Or the problem with memory ownership, that is so often unclear, even in interface descriptions. It's also too often not managed by libraries which don't want to make (and perhaps shouldn't) make assumptions on memory ownership.
For example:
result_t foobar(){ blah* p = malloc(froom_count * sizeof(froom)); register_froom_buffer(p); /* ??? */ }
The question here: Do we, at the place marked with ???, need to
de-allocate the memory p points to — or is this even
contra-indicated here?
The answer really depends on what register_froom_buffer does: Does it
take ownership of the memory, e.g. storing p in some module internal
data structure and will free all memory registered in this structure
later when shutting down the froom_buffer subsystem, or does it just
read the data in the memory and doesn't de-allocate it (not when
calling register_froom_buffer nor later)?

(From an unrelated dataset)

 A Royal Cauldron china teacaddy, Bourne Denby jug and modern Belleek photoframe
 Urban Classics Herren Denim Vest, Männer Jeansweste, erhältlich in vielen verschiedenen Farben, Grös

Whether we can really decide this question depends also a lot on
the quality of documentation available for register_froom_buffer.
Another question: Are we allowed to to pass any pointer into
register_froom_buffer, or does the memory have to be allocated with
malloc? It might make a difference, if the froom_buffer subsystem
wants to de-allocate the memory at some time.
What all this makes clear: Only allocating memory in the client procedure and passing it into some library call altready opens up a host of question, which all can be answered wrong, so becoming potential sources of bugs.
So we have, overall, two categories of pain points:
- No nice data structures.
- Managing memory manually in clients.
C++ is not the answer, BTW
And no, C++ is not the answer. Or rather, it might the answer in one sense, but then you are substituting small ugly problems by big elegant ones, which have hidden foot-guns attached so powerful they don't take off only your hand, but both your feet and blind you at the same time.
(I think the message in this simile is, that using C++ might not be a survival trait)
Which is to say, C++ is not a beginners' language either, but this would exactly be what the industry as much as open source development needs: A language that minimizes risk from inexperienced and hobby developers as much as from experienced developers with a hangover or a bout of inattentiveness due to the third child teething (if you know what I mean).
Painting lipstick on the plain C pig won't fix these problems either (or not to any meaningful extent), but I thought I should get the C++ elephant out of the room at this point in the exposition already.
Back to pig lip-sticking, then.
The str API
So let's think a bit about the API we want to have for a string data
type str that does away with the problems we have so fuzzily
identified so far.
#include "str.h" #include <stdio.h> str s; str_init(&s, "Hello"); /* 1 */ str_append_from_cstr(&s, ", Dave!"); /* 2 */ printd("%s\n", str_internal_cstr(&s)); str_deinit(&s); /* 3 */
The interesting features here are:
- No explicit memory management: The memory is internally allocated at (1) and de-allocated at (3). If necessary, the internally allocated buffer will be grown in (2).
- Correct memory management can be (in this example) reviewed in local
scope and memory is actually "bound to the scope". Every
initializing function of str, here
str_initmust be followed by an invocation of a de-initializing function (str_deinit).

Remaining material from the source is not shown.